An image-free reproduction of the data below is needed: print it exactly.

(Information shown Opens)

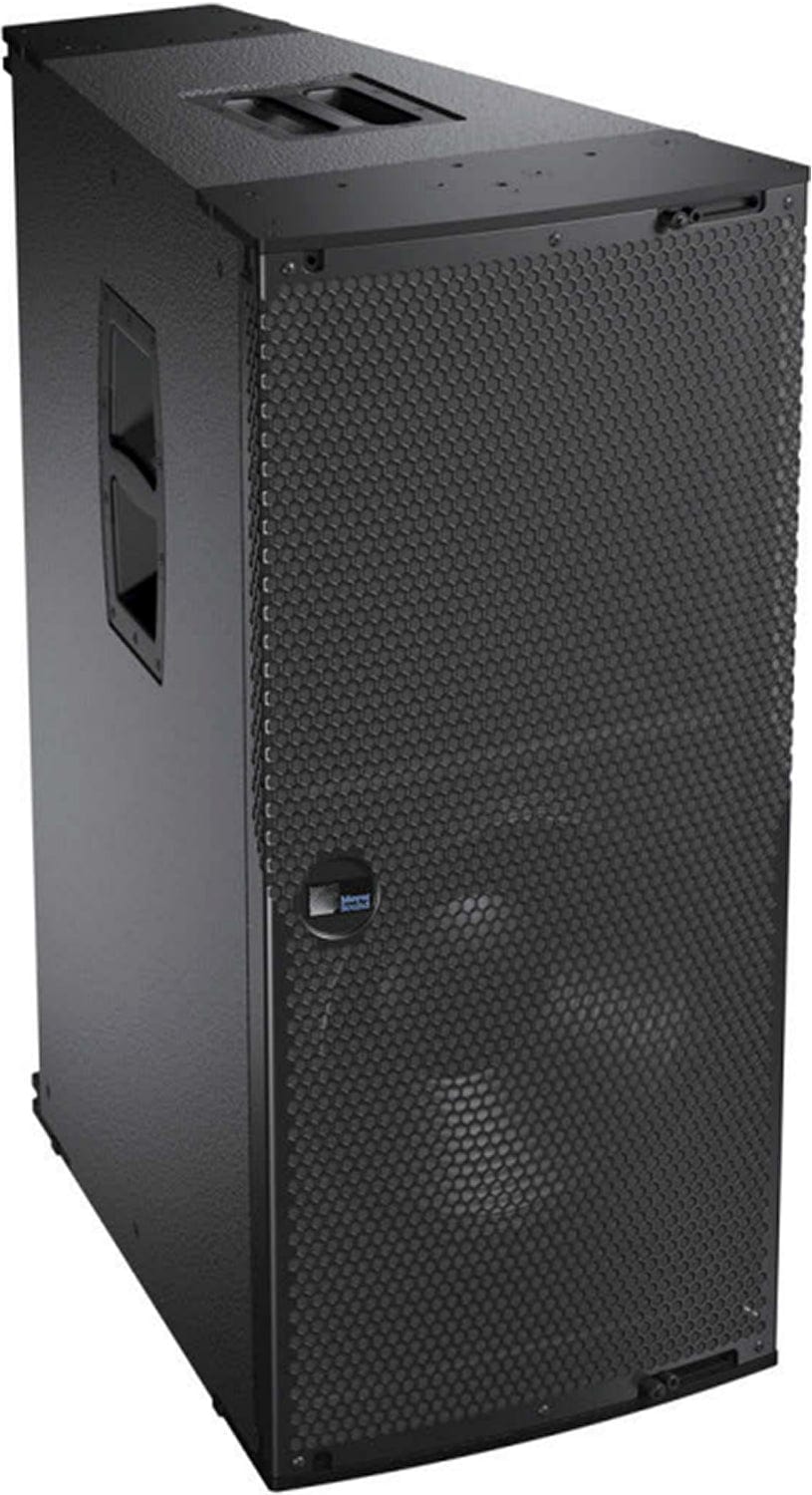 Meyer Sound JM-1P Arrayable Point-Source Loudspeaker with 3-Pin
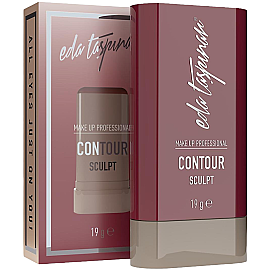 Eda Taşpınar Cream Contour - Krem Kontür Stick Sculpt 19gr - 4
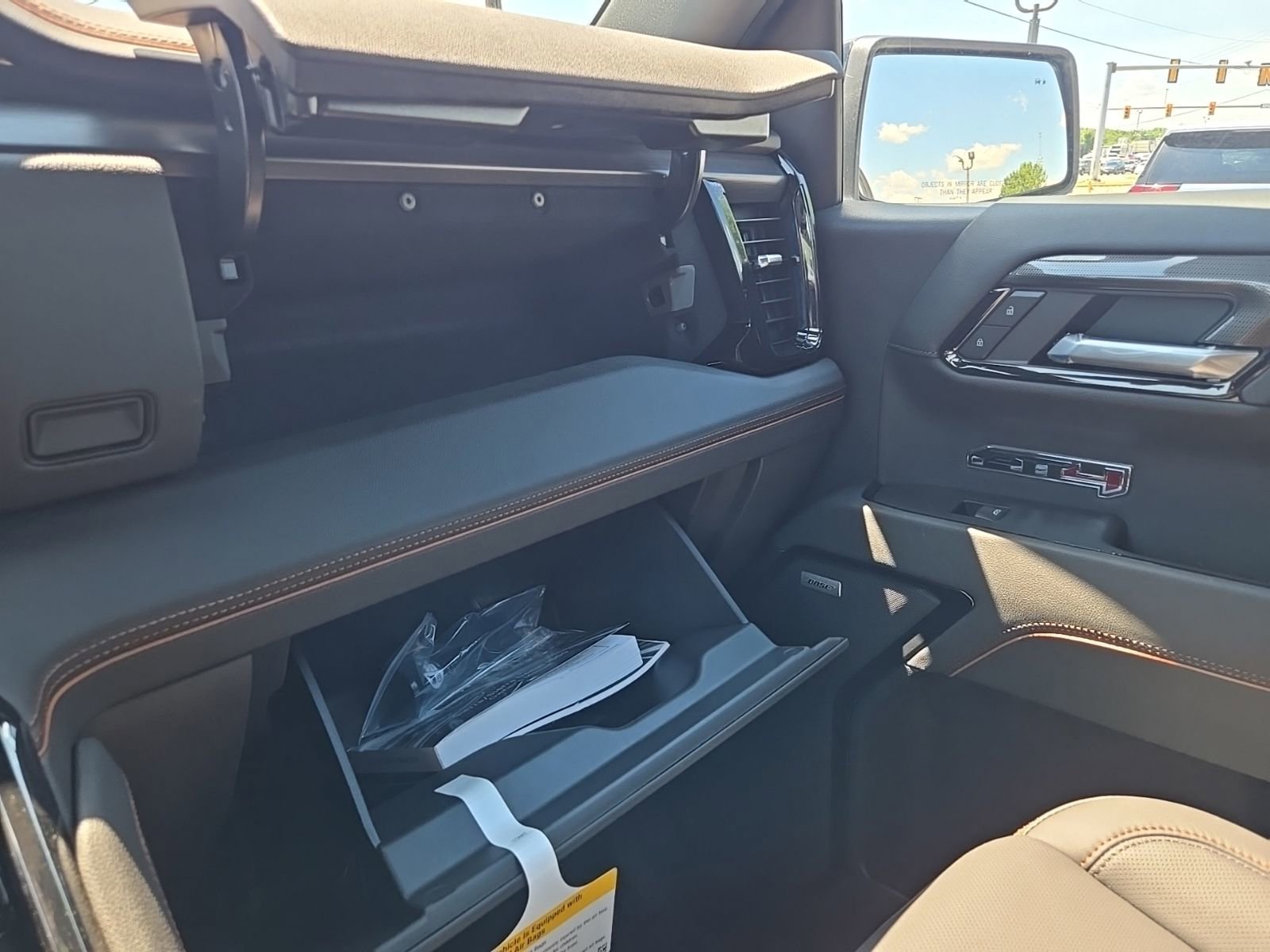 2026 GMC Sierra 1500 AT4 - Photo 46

(Information shown Closes)

**Response box**
 Meyer Sound JM-1P Arrayable Point-Source Loudspeaker with 3-Pin
 Eda Taşpınar Cream Contour - Krem Kontür Stick Sculpt 19gr - 4
 2026 GMC Sierra 1500 AT4 - Photo 46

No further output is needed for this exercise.